Le département est une circonscription de droit commun pour la déconcentration. Il s'agit ici d'un héritage de la Révolution. Dès 1789, l'Assemblée Constituante réorganise la géographie administrative. Elle divise le royaume en 83 départements. Le chef-lieu était choisi pour être accessible aller et retour en une journée de cheval. Actuellement, nous connaissons 101 départements, 96 métropolitains et 5 outre-mer, la Guadeloupe, la Guyane, la Réunion, la Martinique et Mayotte. Le nombre a évolué notamment au regard de la population. En 1964, les trois départements d'Ile-de-France deviennent huit départements.

Ce département est donc historiquement le niveau de référence pour l'implantation.

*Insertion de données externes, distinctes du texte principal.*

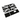 L663 SIDE STICKER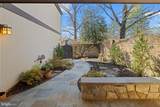 6309 Friendship Court - Photo 62
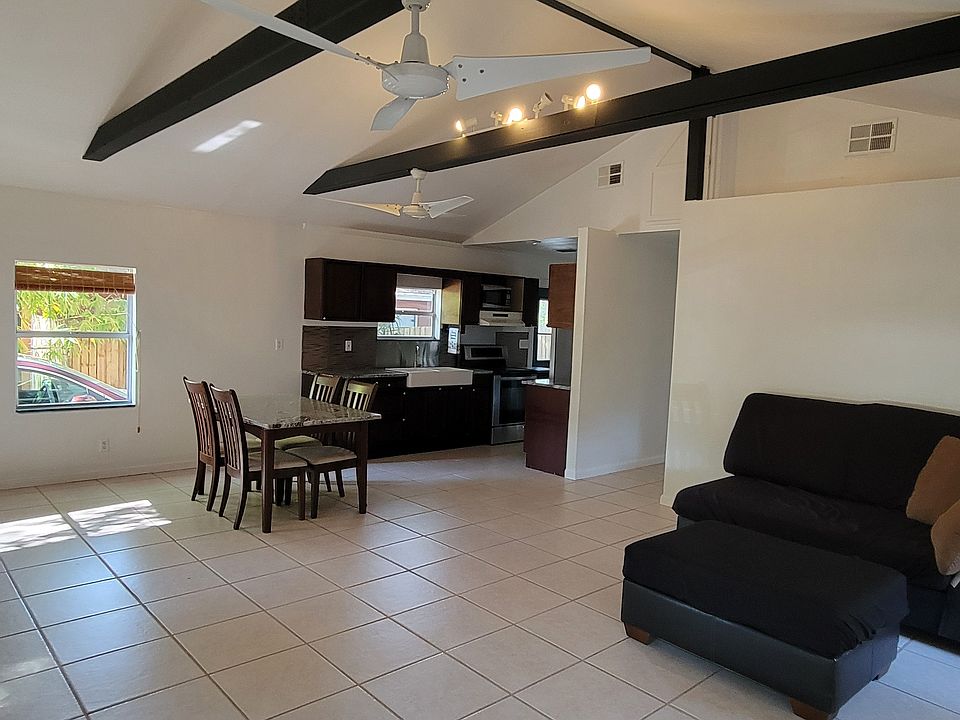 1st image of 2030 E New Orleans Ave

C'est celui que l'on qualifie d'unité de base de la déconcentration. S'y retrouve donc la majorité des services déconcentrés. Sont concernés en particulier ici les services de l'équipement, de l'agriculture, de la jeunesse et des sports, mais aussi des services liés à la consommation ou à la répression des fraudes. La région, elle, est une circonscription historiquement à vocation économique. Ce rôle économique a d'ailleurs toujours été mis en avant quand on évoque la région.

Dès 1959 sont créées les circonscriptions d'actions régionales composées d'un préfet coordonnateur et d'une conférence interdépartementale réunissant les préfets de département avec un comité d'expansion économique. Elles prennent la suite de diverses initiatives ici. Le préfet de région est le préfet du département où se situe le chef lieu de région. Il met en place la politique du gouvernement concernant le développement économique et l'aménagement du territoire de sa circonscription. C'est une circonscription stratégique. L'article 5 du décret du 7 mai 2015, portant charte de la déconcentration, définit les missions de la circonscription régionale.

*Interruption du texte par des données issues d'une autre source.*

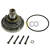 Pompe de transmiss pour téléscopique MANITOU 943997 adaptable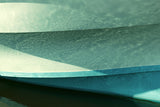 Modern Fine Art Photograph - Nautical #1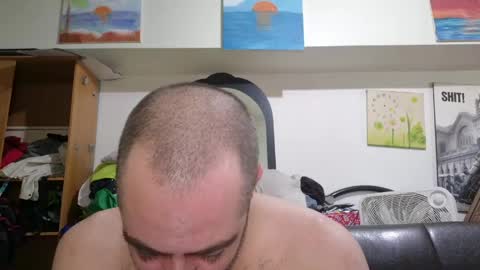 kyle67527 online show from 05-22-26, 08:47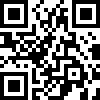 https://isna.ir/xdX9PJ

Sont mises en oeuvre les politiques nationales et communautaires en matière de développement économique et d'aménagement du territoire. C'est là la vocation initiale, comme on l'a dit, de la région. La région sert aussi de cadre à la coordination des diverses actions départementales. Harmonisation des interventions des services déconcentrés des départements. La région, elle, permet aussi une concertation entre les représentants de l'État et ceux des collectivités territoriales. Le renforcement s progressivement fait notamment avec les d de 2004 et de 2010 L d est de faire r du niveau r le niveau de droit commun pour le pilotage tout particuli des politiques publiques pour en am l'efficacité et la lisibilité.

L'arrondissement lui est le dernier échelon de l'État où est installé un représentant de l'État, c'est le sous-préfet. Institué par la loi du 28 pluviause En 8, l'arrondissement est une sous-division du département. Depuis le décret du 1er juillet 1992, l'arrondissement est le cadre territorial de l'animation et du développement local et de la vie administrative locale de l'État. Terminons en évoquant le canton. Dans un canton, il n'y a aucun fonctionnaire de l'État dédié. C'est simplement une circonscription administrative en matière électorale qui permet l'élection des conseillers départementaux ou pour l'assemblée délibérante du département.

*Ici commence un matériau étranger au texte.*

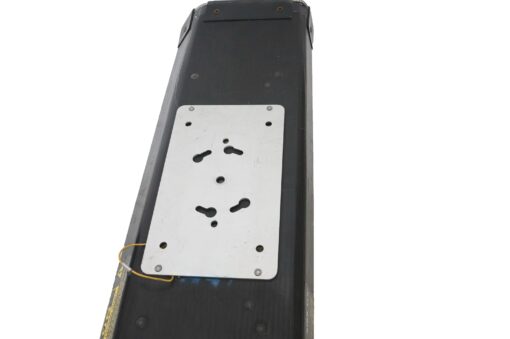 Kino Flo 2ft 2Bank Select System, 230VAC - Image 4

Voyons maintenant la déconcentration fonctionnelle. La déconcentration signifie toujours un transfert de prérogatives à des autorités et des agents locaux de l'Etat. Ici bien sûr quand on envisage la déconcentration fonctionnelle, il s'agit d'envisager le préfet comme l'institution majeure de cette déconcentration fonctionnelle. Voyons donc ce préfet. L'institution préfectorale va naître en 1800 avec Napoléon. Les préfets et sous-préfets sont soumis à l'autorité hiérarchique du Premier ministre et du ministre de l'Intérieur. Ils sont privés de liberté d'opinion. Leur dossier contient des informations confidentielles sur leurs opinions politiques, religieuses ou philosophiques, ce qui n'est pas le cas évidemment de tout fonctionnaire.

La sanction est la mise en disponibilité ou la mutation. Le préfet est le représentant de chacun des membres du gouvernement et il est le dépositaire de l'État dans son ressort territorial. Il a la charge des intérêts nationaux, du contrôle administratif et du respect des lois. Il veille enfin à la sauvegarde des bases de la société à travers l'intégrité des institutions républicaines. Il est le garant à son niveau de l'autorité et de la paix. Il dispose des moyens pour maintenir l'ordre public et la sécurité des personnes et des biens, permettre l'exercice des droits et libertés.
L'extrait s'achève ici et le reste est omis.